Manpages

Manpage of BOGOFILTER

BOGOFILTER

Section: User Commands (1)
Updated:
Index
Return to Main Contents
 

NAME

bogofilter - fast Bayesian spam filter  

SYNOPSIS

bogofilter [help options | classification options | registration
           options] [algorithm options] [general options]

where

help options are:

 [-V] [-Q]

classification options are:

 [-e] [-t] [-u] [-2] [-3] [-M] [-b] [-B filename ...] [-F] [-R] [algorithm
 options] [general options] [parameter options]

registration options are:

 | -n] [-S | -N] [algorithm options] [general options]

general options are:

 filename] [-C] [-d dir] [-k size] [-l] [-L tag] [-I filename] [-O filename]

algorithm options are:

 | -r | -f]

parsing options are:

 [-Ph/-PH] [-Pt/-PT]

parameter options are:

 [value] [,value][,value]] [-o [value] [,value]]

info options are:

 [-v] [-y date] [-D] [-x flags]

 

DESCRIPTION

Bogofilter is a Bayesian spam filter. In its normal mode of operation, it takes an email message or other text on standard input, does a statistical check against lists of "good" and "bad" words, and returns a status code indicating whether or not the message is spam. Bogofilter is designed with fast algorithms, uses the Berkeley DB for fast startup and lookups, coded directly in C, and tuned for speed, so it can be used for production by sites that process a lot of mail.

 

THEORY OF OPERATION

Bogofilter treats its input as a bag of tokens. Each token is checked against "good" and "bad" wordlists, which maintain counts of the numbers of times it has occurred in non-spam and spam mails. These numbers are used to compute the probability that a mail in which the token occurs is spam. After probabilities for all input tokens have been computed, a fixed number of the probabilities that deviate furtherest from average are combined using Bayes's theorem on conditional probabilities. If the computed probability that the input is spam exceeds a cutoff determined at compile time (currently 0.95, for the Robinson-Fisher algorithm), bogofilter returns 0, otherwise 1.

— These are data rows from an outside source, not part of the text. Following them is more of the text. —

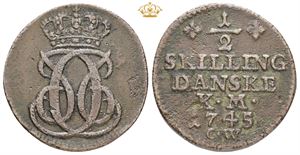 1/2 skilling 1745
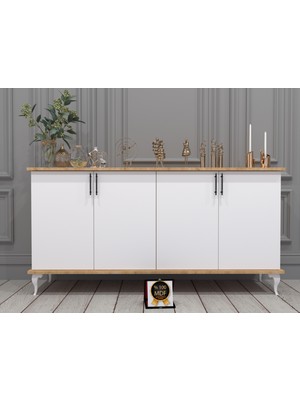 Enfa Store Celta Konsol,tv Ünitesi,dekoratif DOLAP,VITRIN,%100 Mdf,kolay Kurulum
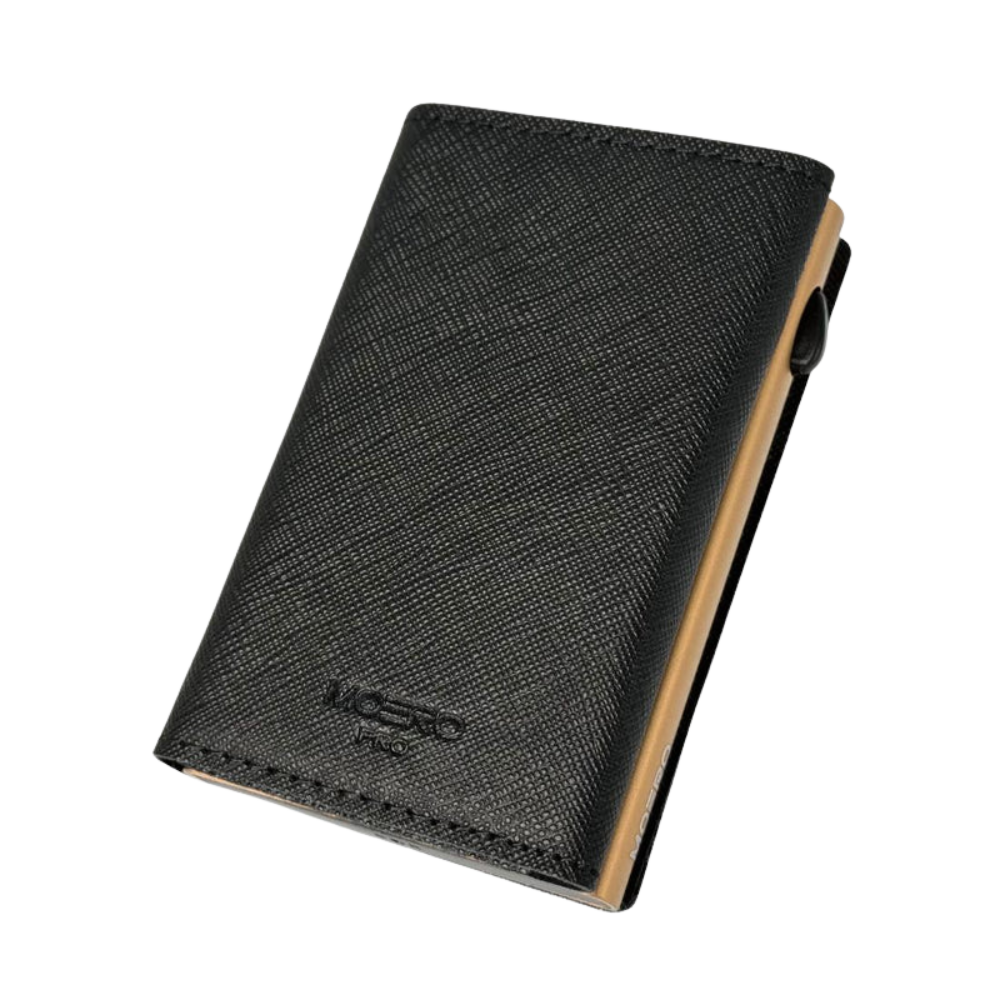 WALLET AIRTAG PRO SAFFIANO MOERO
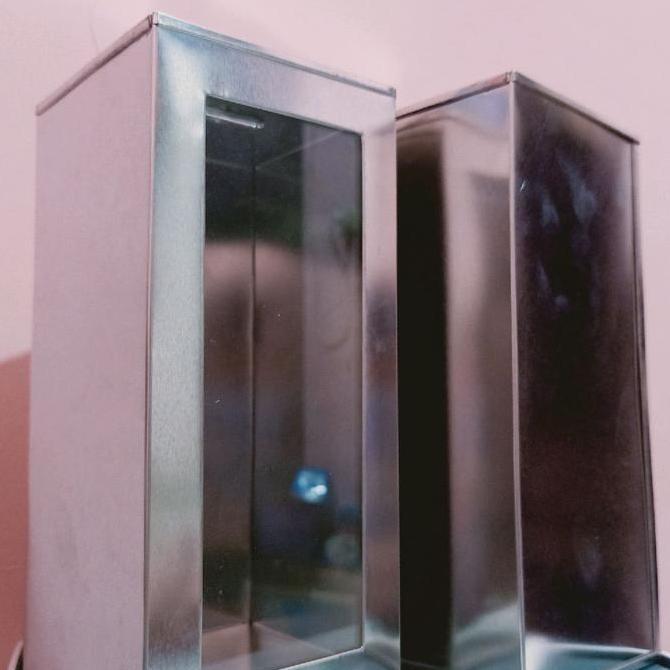 Celengan Kaleng Kaca Permanen Sier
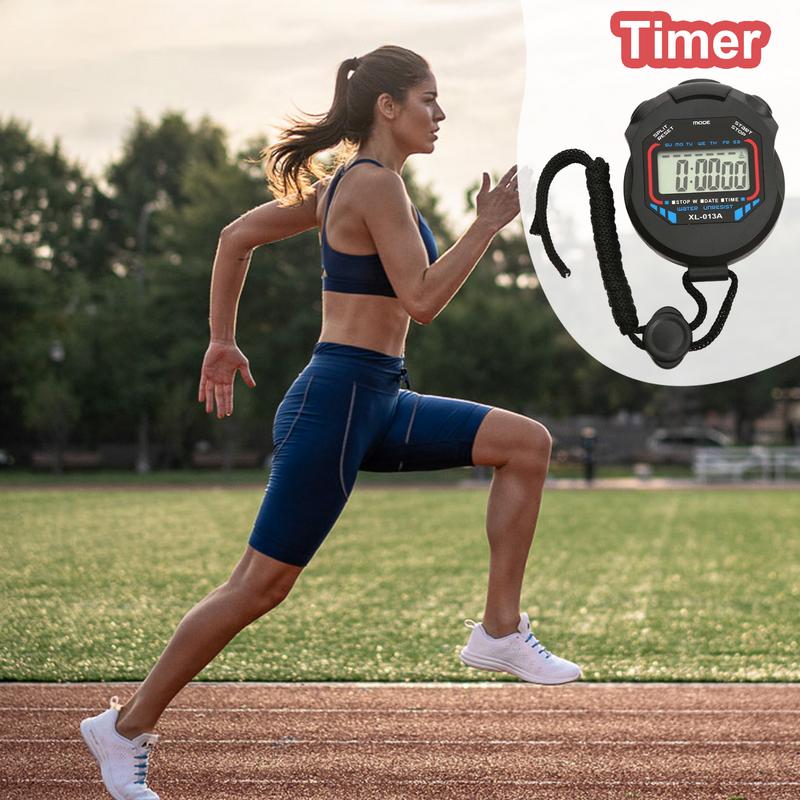 Handheld Digital Stopwatch Timer Outdoor Sports Training Timer Chronograph Stop Watch 0.01s Precision Timer Tools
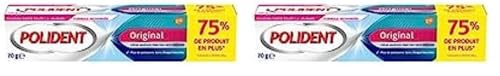 Polident Original - Crema extra fuerte para dentaduras postizas parciales o completas, 70 g(Paquete de 2)
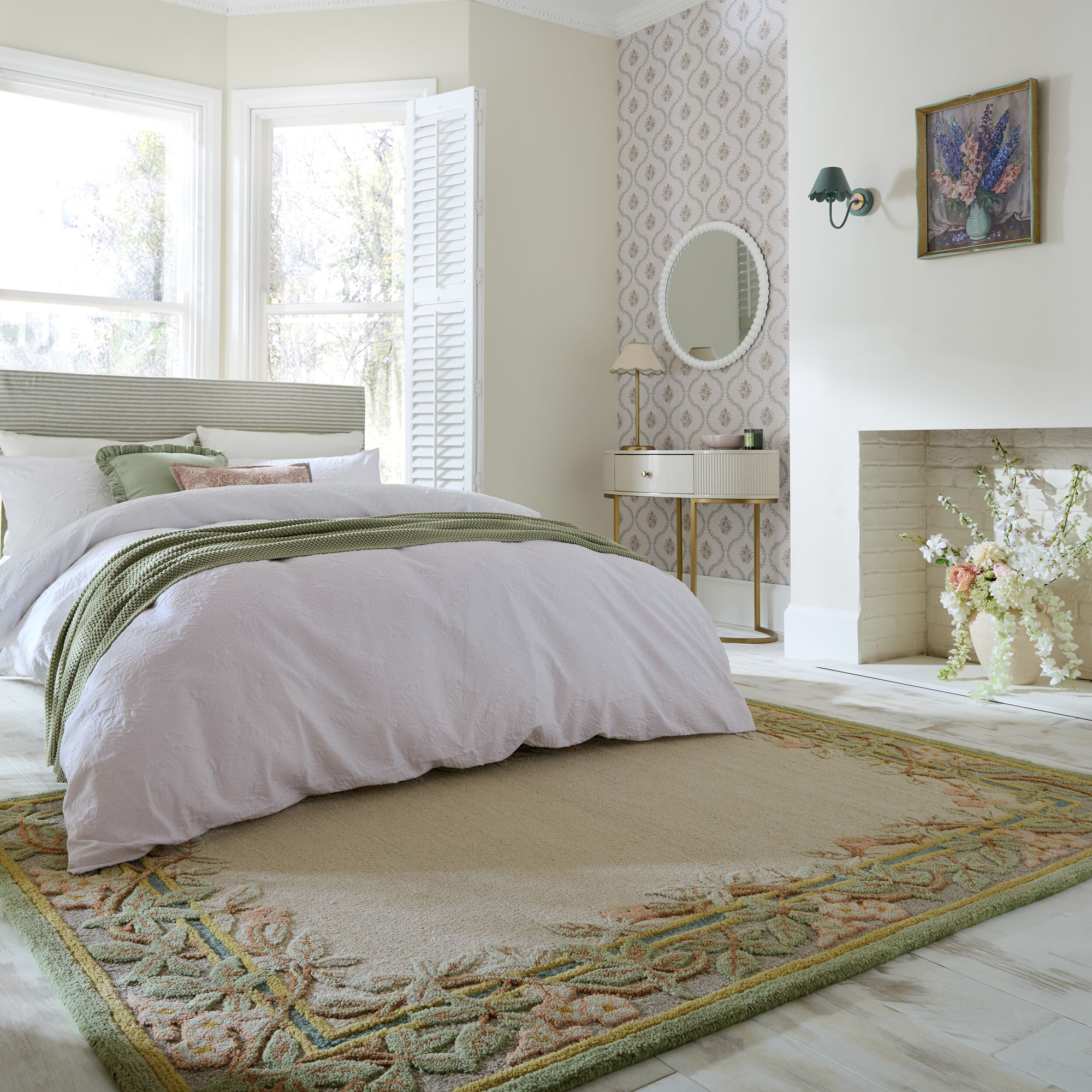 Rektangulär Matta Flair Rugs Verona Floral Wool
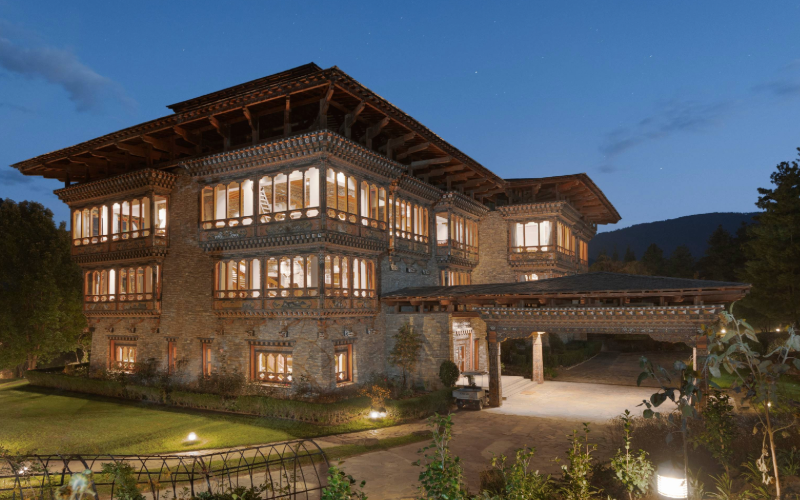 Exterior at Night - Zhiwaling Heritage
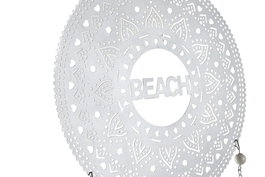 DKD Home Decor Colgante Mediterraneo Blanco 1 x 77 x 25 cm Beach Summer Relax 6 Unidades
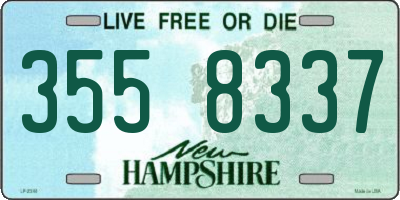 NH license plate 3558337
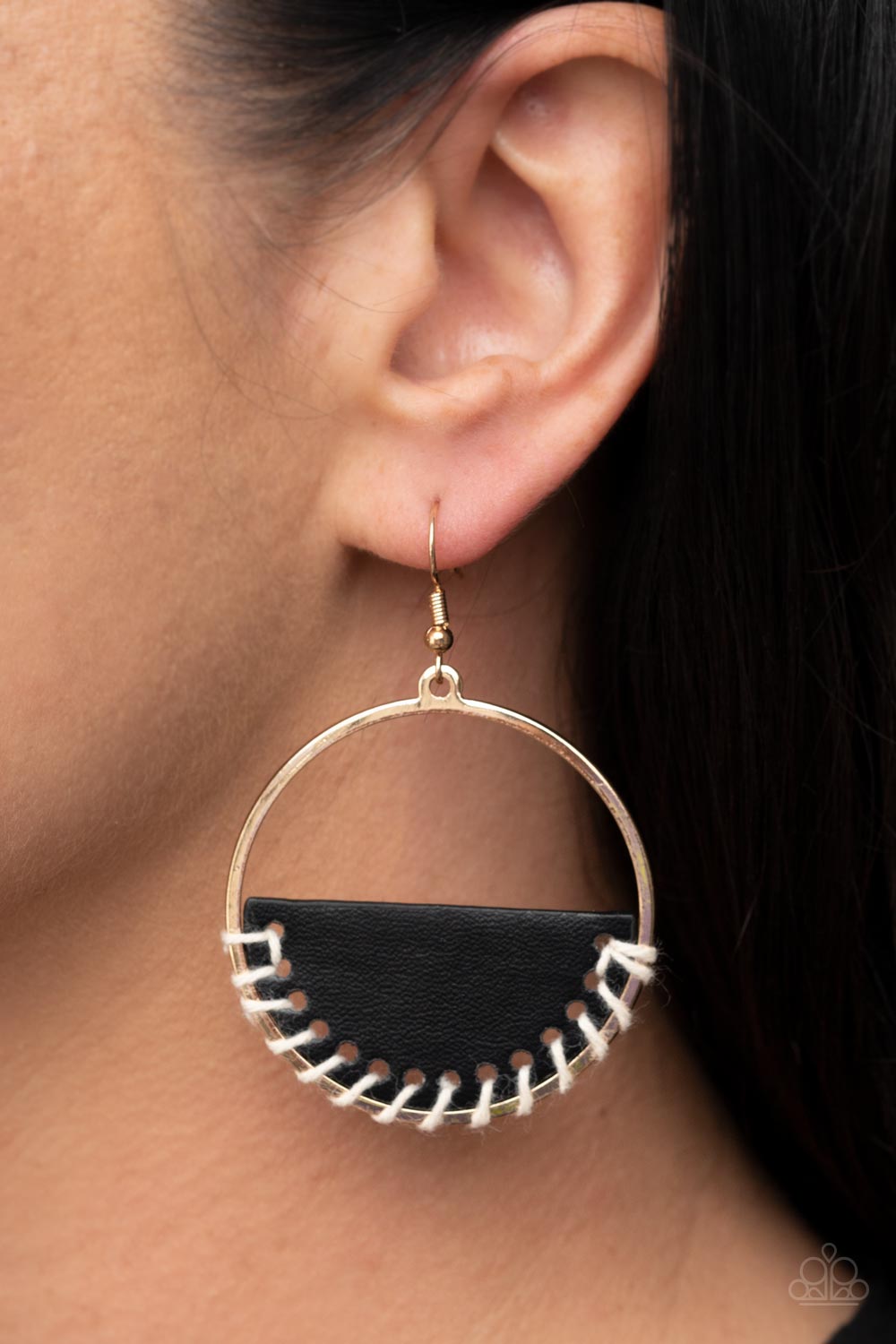 Paparazzi Accessories ❋Lavishly Laid Back - Black Earrings❋ Flat Rate Ship $4.50❋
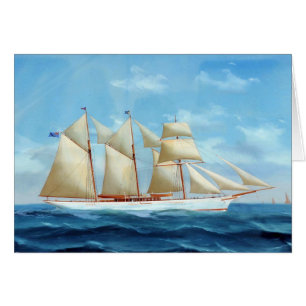 Cartão Steam Yacht Lady Torfrida 1910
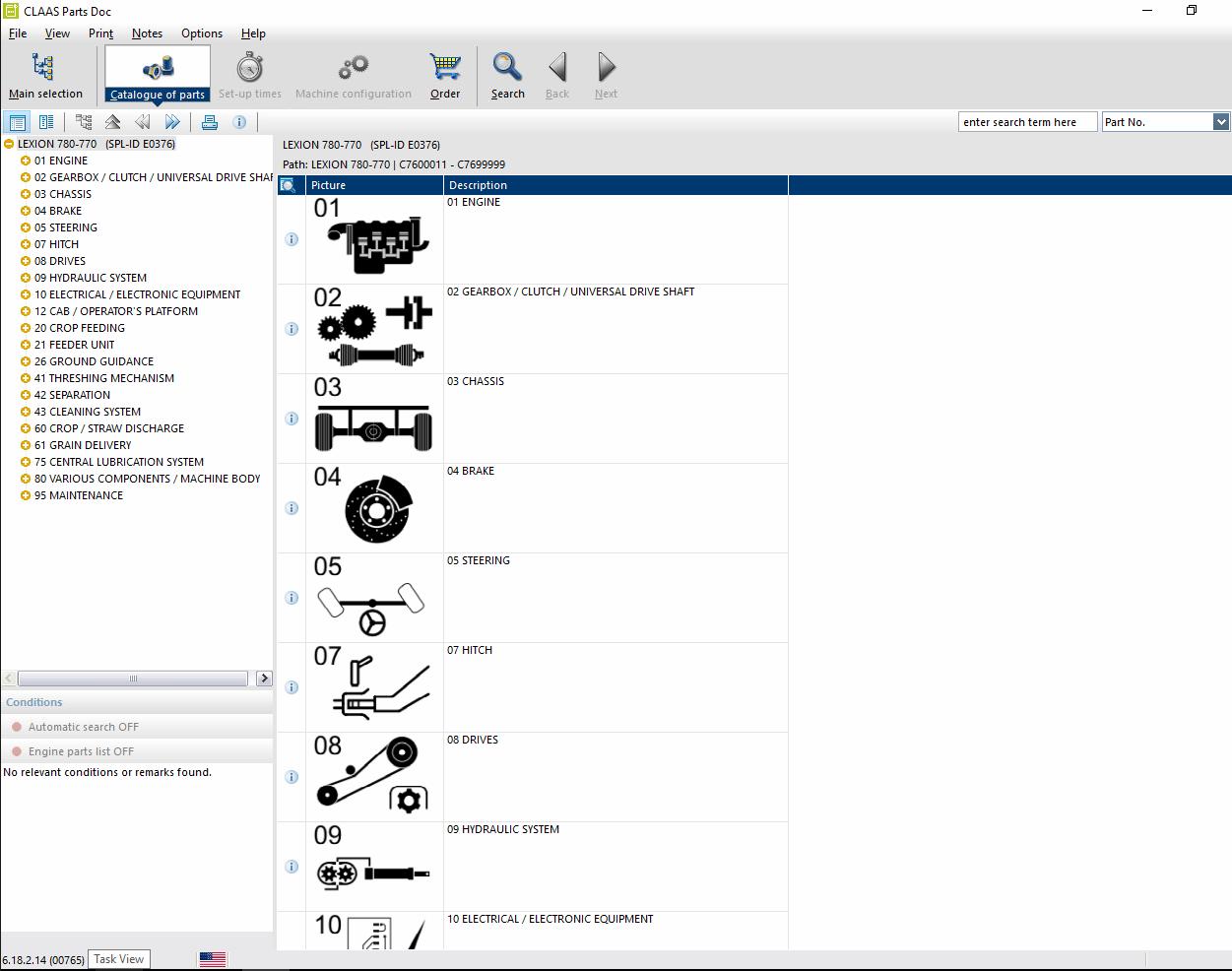 CLAAS WebTIC+ CLAAS PARTS DOC Offline in VMWare update 8/2024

While this method sounds crude compared to the more usual pattern-matching approach, it turns out to be extremely effective. Paul Graham's paper A Plan For Spam: http://www.paulgraham.com/spam.html is recommended reading.

This program substantially improves on Paul's proposal by doing smarter lexical analysis. In particular, hostnames and IP addresses are retained as recognition features rather than broken up. Various kinds of MTA cruft such as dates and message-IDs are discarded so as not to bloat the word lists. Lex's Swiss-army-knife nature rises again.

Another seeming improvement is that this program offers Gary Robinson's suggested modifications (S and f(w) but not g(w)) to the calculations. These modifications are described in Robinson's paper Spam Detection: http://radio.weblogs.com/0101454/stories/2002/09/16/spamDetection.html.

Since then, Robinson and others have realized that the S calculation can be further optimized: if a vector of length k contains random, uniformly-distributed probabilities p, then -2 * sum(ln(p)) is distributed as chi-squared with 2n degrees of freedom. This is believed to be the most sensitive test of the hypothesis that the vector of probabilities is, in fact, uniformly distributed. Bogofilter now offers the option of applying this test (known as Fisher's method) to yield P(spam) and P(not spam), and using the difference as the "spamicity" score.

The input may be one message or many. Messages are broken up on "From " lines. The algorithm is relatively insensitive to message miscounts.

 

OPTIONS

Without command-line options, bogofilter returns 1 if the message is non-spam, 0 if it is spam. The non-spam wordfile is created if absent.

HELP OPTIONS

The -h option prints the help message and exits.

The -V option prints the version number and exits.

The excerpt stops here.